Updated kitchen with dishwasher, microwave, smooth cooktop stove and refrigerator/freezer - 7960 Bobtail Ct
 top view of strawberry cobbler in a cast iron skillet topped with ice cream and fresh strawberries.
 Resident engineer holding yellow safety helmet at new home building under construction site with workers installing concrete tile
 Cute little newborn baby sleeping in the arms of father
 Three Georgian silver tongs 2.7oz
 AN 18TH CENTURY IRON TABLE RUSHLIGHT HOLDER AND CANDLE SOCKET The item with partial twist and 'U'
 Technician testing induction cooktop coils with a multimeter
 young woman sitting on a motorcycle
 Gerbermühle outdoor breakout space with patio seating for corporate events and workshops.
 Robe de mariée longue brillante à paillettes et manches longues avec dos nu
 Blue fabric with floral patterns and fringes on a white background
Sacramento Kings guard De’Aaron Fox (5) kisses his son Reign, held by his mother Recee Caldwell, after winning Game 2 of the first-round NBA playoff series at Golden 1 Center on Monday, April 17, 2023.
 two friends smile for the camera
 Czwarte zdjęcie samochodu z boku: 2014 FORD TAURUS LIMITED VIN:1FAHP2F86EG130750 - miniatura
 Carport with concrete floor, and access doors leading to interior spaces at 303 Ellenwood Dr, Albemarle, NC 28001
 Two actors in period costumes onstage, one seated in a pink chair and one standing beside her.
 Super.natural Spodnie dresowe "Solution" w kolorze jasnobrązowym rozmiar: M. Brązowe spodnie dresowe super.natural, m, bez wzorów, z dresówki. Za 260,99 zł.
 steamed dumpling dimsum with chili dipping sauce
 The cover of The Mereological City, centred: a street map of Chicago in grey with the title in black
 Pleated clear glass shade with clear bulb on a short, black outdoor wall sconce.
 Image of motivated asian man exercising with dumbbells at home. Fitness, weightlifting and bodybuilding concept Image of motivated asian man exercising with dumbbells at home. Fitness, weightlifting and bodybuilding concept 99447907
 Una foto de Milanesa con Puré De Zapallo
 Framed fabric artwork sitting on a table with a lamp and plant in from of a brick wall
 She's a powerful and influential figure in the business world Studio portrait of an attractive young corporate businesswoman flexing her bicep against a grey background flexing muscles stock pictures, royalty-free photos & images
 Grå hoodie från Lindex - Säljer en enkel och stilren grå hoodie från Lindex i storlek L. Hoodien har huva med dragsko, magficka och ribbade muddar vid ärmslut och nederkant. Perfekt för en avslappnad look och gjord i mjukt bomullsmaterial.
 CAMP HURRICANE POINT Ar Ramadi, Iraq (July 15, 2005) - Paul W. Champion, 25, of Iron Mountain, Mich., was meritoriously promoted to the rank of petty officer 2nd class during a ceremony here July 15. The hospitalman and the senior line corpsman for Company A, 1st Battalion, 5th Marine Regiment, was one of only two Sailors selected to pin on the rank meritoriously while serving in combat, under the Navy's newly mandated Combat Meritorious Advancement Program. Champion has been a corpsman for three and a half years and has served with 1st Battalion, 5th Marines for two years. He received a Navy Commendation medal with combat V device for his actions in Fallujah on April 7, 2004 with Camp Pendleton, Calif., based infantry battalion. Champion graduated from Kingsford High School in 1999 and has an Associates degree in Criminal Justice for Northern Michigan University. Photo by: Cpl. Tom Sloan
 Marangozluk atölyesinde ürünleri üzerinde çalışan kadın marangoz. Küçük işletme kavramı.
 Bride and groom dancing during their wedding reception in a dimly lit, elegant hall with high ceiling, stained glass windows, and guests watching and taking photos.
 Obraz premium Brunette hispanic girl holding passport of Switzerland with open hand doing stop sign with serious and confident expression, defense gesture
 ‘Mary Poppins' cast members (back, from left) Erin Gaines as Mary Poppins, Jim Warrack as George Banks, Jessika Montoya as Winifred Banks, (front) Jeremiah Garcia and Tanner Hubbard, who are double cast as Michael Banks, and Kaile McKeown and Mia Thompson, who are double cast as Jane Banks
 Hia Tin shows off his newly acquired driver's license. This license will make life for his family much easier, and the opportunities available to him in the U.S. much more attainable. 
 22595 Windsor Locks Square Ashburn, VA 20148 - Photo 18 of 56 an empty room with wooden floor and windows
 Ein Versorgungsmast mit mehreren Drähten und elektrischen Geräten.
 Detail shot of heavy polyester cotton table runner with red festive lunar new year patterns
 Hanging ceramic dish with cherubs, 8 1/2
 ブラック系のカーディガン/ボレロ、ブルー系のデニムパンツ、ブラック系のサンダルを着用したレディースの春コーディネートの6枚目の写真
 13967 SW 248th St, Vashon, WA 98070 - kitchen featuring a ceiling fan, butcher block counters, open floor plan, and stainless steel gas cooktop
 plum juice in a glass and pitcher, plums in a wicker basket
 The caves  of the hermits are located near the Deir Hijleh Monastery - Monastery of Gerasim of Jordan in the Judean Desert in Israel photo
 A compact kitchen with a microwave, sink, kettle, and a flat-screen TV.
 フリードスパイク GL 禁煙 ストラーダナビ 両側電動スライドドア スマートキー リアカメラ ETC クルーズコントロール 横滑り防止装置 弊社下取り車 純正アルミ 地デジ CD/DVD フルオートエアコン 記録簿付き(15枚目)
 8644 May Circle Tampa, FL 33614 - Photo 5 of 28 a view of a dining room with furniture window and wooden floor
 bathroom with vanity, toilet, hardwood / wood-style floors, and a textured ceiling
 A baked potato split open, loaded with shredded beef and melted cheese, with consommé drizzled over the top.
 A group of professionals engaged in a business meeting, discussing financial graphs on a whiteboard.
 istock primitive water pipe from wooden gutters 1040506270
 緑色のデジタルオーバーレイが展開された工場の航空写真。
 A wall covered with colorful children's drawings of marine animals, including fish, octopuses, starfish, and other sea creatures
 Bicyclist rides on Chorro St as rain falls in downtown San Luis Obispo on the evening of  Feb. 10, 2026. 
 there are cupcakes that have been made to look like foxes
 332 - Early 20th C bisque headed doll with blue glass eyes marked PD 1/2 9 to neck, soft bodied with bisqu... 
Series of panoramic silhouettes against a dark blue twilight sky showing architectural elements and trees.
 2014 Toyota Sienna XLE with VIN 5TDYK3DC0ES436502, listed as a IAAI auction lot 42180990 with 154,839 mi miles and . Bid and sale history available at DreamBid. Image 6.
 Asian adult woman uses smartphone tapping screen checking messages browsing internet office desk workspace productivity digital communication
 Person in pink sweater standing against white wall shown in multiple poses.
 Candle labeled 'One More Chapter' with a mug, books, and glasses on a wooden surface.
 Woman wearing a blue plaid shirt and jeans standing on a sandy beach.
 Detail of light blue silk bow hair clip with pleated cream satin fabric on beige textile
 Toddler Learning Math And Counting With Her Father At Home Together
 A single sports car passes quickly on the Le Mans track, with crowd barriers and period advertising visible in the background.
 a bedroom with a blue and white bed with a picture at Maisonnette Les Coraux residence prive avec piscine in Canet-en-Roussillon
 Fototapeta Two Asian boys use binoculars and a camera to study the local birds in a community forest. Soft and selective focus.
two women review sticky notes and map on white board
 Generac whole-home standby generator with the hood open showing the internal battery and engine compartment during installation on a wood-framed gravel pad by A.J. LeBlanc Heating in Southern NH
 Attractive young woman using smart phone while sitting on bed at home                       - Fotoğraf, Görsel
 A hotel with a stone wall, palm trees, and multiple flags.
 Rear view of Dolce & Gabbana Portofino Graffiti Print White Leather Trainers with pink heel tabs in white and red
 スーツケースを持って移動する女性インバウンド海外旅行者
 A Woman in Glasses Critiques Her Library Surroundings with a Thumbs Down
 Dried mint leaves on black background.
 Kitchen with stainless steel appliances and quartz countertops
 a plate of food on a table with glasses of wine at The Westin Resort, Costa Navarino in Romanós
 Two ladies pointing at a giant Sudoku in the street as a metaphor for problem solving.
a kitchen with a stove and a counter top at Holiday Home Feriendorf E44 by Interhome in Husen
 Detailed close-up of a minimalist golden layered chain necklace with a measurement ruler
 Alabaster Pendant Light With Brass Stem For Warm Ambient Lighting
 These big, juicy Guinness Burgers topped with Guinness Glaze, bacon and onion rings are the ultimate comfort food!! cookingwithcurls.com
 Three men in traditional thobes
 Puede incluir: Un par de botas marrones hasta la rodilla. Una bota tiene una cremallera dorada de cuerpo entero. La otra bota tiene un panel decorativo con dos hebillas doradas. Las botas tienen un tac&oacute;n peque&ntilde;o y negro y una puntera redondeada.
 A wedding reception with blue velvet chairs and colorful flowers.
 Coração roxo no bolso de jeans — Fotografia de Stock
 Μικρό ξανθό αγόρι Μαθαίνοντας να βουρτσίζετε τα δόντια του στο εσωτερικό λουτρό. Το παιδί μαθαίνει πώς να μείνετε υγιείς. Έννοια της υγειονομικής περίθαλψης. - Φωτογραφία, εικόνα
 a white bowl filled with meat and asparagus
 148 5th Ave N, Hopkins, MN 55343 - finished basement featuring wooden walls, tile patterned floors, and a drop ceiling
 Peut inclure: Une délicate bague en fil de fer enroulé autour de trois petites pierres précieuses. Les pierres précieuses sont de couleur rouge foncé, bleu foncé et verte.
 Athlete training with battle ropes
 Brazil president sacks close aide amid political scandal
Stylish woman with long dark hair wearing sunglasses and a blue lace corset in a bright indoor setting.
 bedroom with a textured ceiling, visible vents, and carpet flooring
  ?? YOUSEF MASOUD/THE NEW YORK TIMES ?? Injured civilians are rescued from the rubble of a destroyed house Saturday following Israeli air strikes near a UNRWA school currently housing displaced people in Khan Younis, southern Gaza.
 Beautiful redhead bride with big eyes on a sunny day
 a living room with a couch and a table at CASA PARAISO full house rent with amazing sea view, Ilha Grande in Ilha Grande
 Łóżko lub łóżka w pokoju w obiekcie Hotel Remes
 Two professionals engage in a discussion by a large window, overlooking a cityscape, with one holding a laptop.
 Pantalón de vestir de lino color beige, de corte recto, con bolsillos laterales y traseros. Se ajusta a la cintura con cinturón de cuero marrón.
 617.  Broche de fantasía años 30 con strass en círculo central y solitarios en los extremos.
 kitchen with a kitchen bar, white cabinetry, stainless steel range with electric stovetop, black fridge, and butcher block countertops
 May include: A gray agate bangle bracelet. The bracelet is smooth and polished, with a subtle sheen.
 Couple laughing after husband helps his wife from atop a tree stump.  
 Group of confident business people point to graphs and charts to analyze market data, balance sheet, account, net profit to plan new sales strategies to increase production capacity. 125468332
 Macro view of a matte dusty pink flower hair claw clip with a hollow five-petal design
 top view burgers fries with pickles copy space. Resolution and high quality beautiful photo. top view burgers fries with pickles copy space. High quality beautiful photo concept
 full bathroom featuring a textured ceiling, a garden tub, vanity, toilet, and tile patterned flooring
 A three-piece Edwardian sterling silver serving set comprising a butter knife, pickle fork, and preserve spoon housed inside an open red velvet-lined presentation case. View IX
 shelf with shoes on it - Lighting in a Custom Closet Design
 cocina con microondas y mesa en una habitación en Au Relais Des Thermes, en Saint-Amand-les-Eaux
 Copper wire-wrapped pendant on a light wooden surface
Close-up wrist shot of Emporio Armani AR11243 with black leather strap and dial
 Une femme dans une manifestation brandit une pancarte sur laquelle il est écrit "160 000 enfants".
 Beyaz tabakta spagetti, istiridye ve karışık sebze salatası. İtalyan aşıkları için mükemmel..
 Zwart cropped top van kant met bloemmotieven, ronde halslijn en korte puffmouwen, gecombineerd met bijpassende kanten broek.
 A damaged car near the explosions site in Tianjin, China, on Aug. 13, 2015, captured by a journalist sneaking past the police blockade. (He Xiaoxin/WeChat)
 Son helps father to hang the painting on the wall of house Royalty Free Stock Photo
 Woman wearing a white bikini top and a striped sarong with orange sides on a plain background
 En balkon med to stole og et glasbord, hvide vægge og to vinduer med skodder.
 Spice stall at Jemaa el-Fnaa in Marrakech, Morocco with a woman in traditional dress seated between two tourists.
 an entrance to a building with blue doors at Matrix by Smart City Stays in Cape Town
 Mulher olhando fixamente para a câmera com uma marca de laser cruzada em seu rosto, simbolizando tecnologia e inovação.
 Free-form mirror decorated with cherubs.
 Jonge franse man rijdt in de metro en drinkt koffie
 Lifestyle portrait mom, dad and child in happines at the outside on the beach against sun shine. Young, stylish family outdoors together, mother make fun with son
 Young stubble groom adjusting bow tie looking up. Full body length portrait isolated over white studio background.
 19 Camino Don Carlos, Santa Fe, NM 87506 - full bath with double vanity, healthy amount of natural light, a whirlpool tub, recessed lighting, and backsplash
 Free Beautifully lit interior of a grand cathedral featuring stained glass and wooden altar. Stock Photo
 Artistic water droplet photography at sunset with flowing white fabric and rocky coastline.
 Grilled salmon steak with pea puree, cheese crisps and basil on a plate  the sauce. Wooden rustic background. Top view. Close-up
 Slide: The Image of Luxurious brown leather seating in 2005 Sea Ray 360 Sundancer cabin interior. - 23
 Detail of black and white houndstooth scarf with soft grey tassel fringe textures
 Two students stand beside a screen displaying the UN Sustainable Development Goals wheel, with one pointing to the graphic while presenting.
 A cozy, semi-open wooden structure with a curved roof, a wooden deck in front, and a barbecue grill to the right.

Problem to solve:
From the records above, extract exactly and only the lines that begin at the line with "a living room" and stop after the line with "Pantalón de vestir".

Written answer:
 a living room with a couch and a table at CASA PARAISO full house rent with amazing sea view, Ilha Grande in Ilha Grande
 Łóżko lub łóżka w pokoju w obiekcie Hotel Remes
 Two professionals engage in a discussion by a large window, overlooking a cityscape, with one holding a laptop.
 Pantalón de vestir de lino color beige, de corte recto, con bolsillos laterales y traseros. Se ajusta a la cintura con cinturón de cuero marrón.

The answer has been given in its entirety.